Work request
Please output the data exactly, without omitting anything.

Input records
^^^^^^^^

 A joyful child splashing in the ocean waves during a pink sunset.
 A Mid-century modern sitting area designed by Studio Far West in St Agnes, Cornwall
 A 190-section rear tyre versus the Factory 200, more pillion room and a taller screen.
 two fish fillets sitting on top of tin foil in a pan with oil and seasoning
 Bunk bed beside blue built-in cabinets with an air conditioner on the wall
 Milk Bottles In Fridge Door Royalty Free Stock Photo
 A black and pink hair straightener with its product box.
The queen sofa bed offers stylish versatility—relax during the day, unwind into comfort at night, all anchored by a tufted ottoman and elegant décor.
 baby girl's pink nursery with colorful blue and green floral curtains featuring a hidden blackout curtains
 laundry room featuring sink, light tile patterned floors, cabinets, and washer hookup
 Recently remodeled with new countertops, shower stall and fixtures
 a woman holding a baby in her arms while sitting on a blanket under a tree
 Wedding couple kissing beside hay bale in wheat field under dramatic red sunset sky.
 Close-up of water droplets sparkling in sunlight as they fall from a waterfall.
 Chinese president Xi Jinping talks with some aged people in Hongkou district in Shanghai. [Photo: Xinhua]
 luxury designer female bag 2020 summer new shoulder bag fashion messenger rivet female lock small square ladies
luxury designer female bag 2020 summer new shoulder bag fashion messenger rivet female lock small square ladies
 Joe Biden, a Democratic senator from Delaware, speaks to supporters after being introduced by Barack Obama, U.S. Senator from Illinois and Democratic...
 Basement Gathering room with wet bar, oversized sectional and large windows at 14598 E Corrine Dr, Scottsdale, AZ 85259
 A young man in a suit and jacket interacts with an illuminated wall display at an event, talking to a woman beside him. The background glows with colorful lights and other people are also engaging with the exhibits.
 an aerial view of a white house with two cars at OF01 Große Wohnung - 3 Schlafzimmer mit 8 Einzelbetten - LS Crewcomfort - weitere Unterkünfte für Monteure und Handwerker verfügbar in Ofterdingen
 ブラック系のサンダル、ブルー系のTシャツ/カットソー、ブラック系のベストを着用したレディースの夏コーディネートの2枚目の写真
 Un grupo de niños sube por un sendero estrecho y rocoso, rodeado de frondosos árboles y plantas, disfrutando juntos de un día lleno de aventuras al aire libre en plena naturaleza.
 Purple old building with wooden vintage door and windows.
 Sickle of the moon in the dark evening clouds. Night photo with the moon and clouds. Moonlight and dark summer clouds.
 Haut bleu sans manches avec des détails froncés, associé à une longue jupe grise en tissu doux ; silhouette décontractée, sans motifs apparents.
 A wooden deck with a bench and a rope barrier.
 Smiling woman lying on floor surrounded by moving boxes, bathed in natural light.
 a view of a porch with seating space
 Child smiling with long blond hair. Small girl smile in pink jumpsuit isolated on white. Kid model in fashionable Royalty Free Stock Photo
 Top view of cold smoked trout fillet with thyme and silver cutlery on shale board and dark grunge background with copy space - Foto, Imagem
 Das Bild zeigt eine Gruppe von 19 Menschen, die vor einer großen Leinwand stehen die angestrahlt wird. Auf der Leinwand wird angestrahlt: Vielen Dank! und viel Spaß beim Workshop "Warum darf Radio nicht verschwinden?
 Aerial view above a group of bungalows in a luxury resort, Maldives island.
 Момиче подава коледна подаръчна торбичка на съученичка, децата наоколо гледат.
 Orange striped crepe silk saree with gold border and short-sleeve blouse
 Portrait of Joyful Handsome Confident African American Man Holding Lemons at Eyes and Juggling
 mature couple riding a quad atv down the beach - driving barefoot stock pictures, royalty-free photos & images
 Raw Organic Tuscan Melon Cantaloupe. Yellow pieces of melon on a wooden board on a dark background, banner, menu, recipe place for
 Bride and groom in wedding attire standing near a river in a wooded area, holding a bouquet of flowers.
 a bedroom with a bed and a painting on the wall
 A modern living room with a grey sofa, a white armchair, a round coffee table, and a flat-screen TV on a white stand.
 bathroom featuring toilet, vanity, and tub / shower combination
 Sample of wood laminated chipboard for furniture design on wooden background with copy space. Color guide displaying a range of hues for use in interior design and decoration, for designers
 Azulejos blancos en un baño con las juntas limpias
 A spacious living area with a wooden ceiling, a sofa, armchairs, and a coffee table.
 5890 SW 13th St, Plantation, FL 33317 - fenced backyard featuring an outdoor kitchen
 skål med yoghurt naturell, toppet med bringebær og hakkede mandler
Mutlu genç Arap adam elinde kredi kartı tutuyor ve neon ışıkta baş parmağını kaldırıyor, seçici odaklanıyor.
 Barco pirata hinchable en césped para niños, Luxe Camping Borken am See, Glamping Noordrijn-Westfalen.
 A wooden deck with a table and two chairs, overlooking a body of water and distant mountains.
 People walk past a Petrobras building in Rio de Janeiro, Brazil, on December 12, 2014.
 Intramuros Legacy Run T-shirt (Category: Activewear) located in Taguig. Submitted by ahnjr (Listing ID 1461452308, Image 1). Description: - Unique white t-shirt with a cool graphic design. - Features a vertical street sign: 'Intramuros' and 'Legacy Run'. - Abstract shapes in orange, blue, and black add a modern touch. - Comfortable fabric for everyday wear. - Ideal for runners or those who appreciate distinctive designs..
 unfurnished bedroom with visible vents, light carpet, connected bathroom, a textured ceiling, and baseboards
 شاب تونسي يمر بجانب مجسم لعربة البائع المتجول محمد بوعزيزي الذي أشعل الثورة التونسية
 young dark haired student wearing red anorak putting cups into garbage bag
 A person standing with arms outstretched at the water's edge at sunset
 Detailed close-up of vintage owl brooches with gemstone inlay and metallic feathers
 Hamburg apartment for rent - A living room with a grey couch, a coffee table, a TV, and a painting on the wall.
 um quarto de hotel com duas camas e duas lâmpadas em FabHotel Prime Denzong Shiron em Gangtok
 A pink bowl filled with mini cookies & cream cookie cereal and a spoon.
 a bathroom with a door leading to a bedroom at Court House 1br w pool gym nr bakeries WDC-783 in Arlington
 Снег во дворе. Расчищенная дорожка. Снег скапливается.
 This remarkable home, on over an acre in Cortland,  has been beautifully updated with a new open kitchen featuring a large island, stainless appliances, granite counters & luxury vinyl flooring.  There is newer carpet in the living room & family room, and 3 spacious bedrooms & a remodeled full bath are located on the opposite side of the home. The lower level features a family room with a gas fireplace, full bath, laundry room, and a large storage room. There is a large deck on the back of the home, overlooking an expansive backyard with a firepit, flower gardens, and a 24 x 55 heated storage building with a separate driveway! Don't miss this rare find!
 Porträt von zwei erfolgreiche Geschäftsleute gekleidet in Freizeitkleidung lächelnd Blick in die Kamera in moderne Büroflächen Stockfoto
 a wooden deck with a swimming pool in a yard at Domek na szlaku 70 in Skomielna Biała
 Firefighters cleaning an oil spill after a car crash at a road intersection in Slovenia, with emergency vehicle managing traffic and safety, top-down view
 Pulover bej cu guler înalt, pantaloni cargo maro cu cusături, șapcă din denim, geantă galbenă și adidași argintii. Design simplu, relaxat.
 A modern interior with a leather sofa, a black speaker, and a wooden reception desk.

^^^^^^^^

Written solution
 A joyful child splashing in the ocean waves during a pink sunset.
 A Mid-century modern sitting area designed by Studio Far West in St Agnes, Cornwall
 A 190-section rear tyre versus the Factory 200, more pillion room and a taller screen.
 two fish fillets sitting on top of tin foil in a pan with oil and seasoning
 Bunk bed beside blue built-in cabinets with an air conditioner on the wall
 Milk Bottles In Fridge Door Royalty Free Stock Photo
 A black and pink hair straightener with its product box.
The queen sofa bed offers stylish versatility—relax during the day, unwind into comfort at night, all anchored by a tufted ottoman and elegant décor.
 baby girl's pink nursery with colorful blue and green floral curtains featuring a hidden blackout curtains
 laundry room featuring sink, light tile patterned floors, cabinets, and washer hookup
 Recently remodeled with new countertops, shower stall and fixtures
 a woman holding a baby in her arms while sitting on a blanket under a tree
 Wedding couple kissing beside hay bale in wheat field under dramatic red sunset sky.
 Close-up of water droplets sparkling in sunlight as they fall from a waterfall.
 Chinese president Xi Jinping talks with some aged people in Hongkou district in Shanghai. [Photo: Xinhua]
 luxury designer female bag 2020 summer new shoulder bag fashion messenger rivet female lock small square ladies
luxury designer female bag 2020 summer new shoulder bag fashion messenger rivet female lock small square ladies
 Joe Biden, a Democratic senator from Delaware, speaks to supporters after being introduced by Barack Obama, U.S. Senator from Illinois and Democratic...
 Basement Gathering room with wet bar, oversized sectional and large windows at 14598 E Corrine Dr, Scottsdale, AZ 85259
 A young man in a suit and jacket interacts with an illuminated wall display at an event, talking to a woman beside him. The background glows with colorful lights and other people are also engaging with the exhibits.
 an aerial view of a white house with two cars at OF01 Große Wohnung - 3 Schlafzimmer mit 8 Einzelbetten - LS Crewcomfort - weitere Unterkünfte für Monteure und Handwerker verfügbar in Ofterdingen
 ブラック系のサンダル、ブルー系のTシャツ/カットソー、ブラック系のベストを着用したレディースの夏コーディネートの2枚目の写真
 Un grupo de niños sube por un sendero estrecho y rocoso, rodeado de frondosos árboles y plantas, disfrutando juntos de un día lleno de aventuras al aire libre en plena naturaleza.
 Purple old building with wooden vintage door and windows.
 Sickle of the moon in the dark evening clouds. Night photo with the moon and clouds. Moonlight and dark summer clouds.
 Haut bleu sans manches avec des détails froncés, associé à une longue jupe grise en tissu doux ; silhouette décontractée, sans motifs apparents.
 A wooden deck with a bench and a rope barrier.
 Smiling woman lying on floor surrounded by moving boxes, bathed in natural light.
 a view of a porch with seating space
 Child smiling with long blond hair. Small girl smile in pink jumpsuit isolated on white. Kid model in fashionable Royalty Free Stock Photo
 Top view of cold smoked trout fillet with thyme and silver cutlery on shale board and dark grunge background with copy space - Foto, Imagem
 Das Bild zeigt eine Gruppe von 19 Menschen, die vor einer großen Leinwand stehen die angestrahlt wird. Auf der Leinwand wird angestrahlt: Vielen Dank! und viel Spaß beim Workshop "Warum darf Radio nicht verschwinden?
 Aerial view above a group of bungalows in a luxury resort, Maldives island.
 Момиче подава коледна подаръчна торбичка на съученичка, децата наоколо гледат.
 Orange striped crepe silk saree with gold border and short-sleeve blouse
 Portrait of Joyful Handsome Confident African American Man Holding Lemons at Eyes and Juggling
 mature couple riding a quad atv down the beach - driving barefoot stock pictures, royalty-free photos & images
 Raw Organic Tuscan Melon Cantaloupe. Yellow pieces of melon on a wooden board on a dark background, banner, menu, recipe place for
 Bride and groom in wedding attire standing near a river in a wooded area, holding a bouquet of flowers.
 a bedroom with a bed and a painting on the wall
 A modern living room with a grey sofa, a white armchair, a round coffee table, and a flat-screen TV on a white stand.
 bathroom featuring toilet, vanity, and tub / shower combination
 Sample of wood laminated chipboard for furniture design on wooden background with copy space. Color guide displaying a range of hues for use in interior design and decoration, for designers
 Azulejos blancos en un baño con las juntas limpias
 A spacious living area with a wooden ceiling, a sofa, armchairs, and a coffee table.
 5890 SW 13th St, Plantation, FL 33317 - fenced backyard featuring an outdoor kitchen
 skål med yoghurt naturell, toppet med bringebær og hakkede mandler
Mutlu genç Arap adam elinde kredi kartı tutuyor ve neon ışıkta baş parmağını kaldırıyor, seçici odaklanıyor.
 Barco pirata hinchable en césped para niños, Luxe Camping Borken am See, Glamping Noordrijn-Westfalen.
 A wooden deck with a table and two chairs, overlooking a body of water and distant mountains.
 People walk past a Petrobras building in Rio de Janeiro, Brazil, on December 12, 2014.
 Intramuros Legacy Run T-shirt (Category: Activewear) located in Taguig. Submitted by ahnjr (Listing ID 1461452308, Image 1). Description: - Unique white t-shirt with a cool graphic design. - Features a vertical street sign: 'Intramuros' and 'Legacy Run'. - Abstract shapes in orange, blue, and black add a modern touch. - Comfortable fabric for everyday wear. - Ideal for runners or those who appreciate distinctive designs..
 unfurnished bedroom with visible vents, light carpet, connected bathroom, a textured ceiling, and baseboards
 شاب تونسي يمر بجانب مجسم لعربة البائع المتجول محمد بوعزيزي الذي أشعل الثورة التونسية
 young dark haired student wearing red anorak putting cups into garbage bag
 A person standing with arms outstretched at the water's edge at sunset
 Detailed close-up of vintage owl brooches with gemstone inlay and metallic feathers
 Hamburg apartment for rent - A living room with a grey couch, a coffee table, a TV, and a painting on the wall.
 um quarto de hotel com duas camas e duas lâmpadas em FabHotel Prime Denzong Shiron em Gangtok
 A pink bowl filled with mini cookies & cream cookie cereal and a spoon.
 a bathroom with a door leading to a bedroom at Court House 1br w pool gym nr bakeries WDC-783 in Arlington
 Снег во дворе. Расчищенная дорожка. Снег скапливается.
 This remarkable home, on over an acre in Cortland,  has been beautifully updated with a new open kitchen featuring a large island, stainless appliances, granite counters & luxury vinyl flooring.  There is newer carpet in the living room & family room, and 3 spacious bedrooms & a remodeled full bath are located on the opposite side of the home. The lower level features a family room with a gas fireplace, full bath, laundry room, and a large storage room. There is a large deck on the back of the home, overlooking an expansive backyard with a firepit, flower gardens, and a 24 x 55 heated storage building with a separate driveway! Don't miss this rare find!
 Porträt von zwei erfolgreiche Geschäftsleute gekleidet in Freizeitkleidung lächelnd Blick in die Kamera in moderne Büroflächen Stockfoto
 a wooden deck with a swimming pool in a yard at Domek na szlaku 70 in Skomielna Biała
 Firefighters cleaning an oil spill after a car crash at a road intersection in Slovenia, with emergency vehicle managing traffic and safety, top-down view
 Pulover bej cu guler înalt, pantaloni cargo maro cu cusături, șapcă din denim, geantă galbenă și adidași argintii. Design simplu, relaxat.
 A modern interior with a leather sofa, a black speaker, and a wooden reception desk.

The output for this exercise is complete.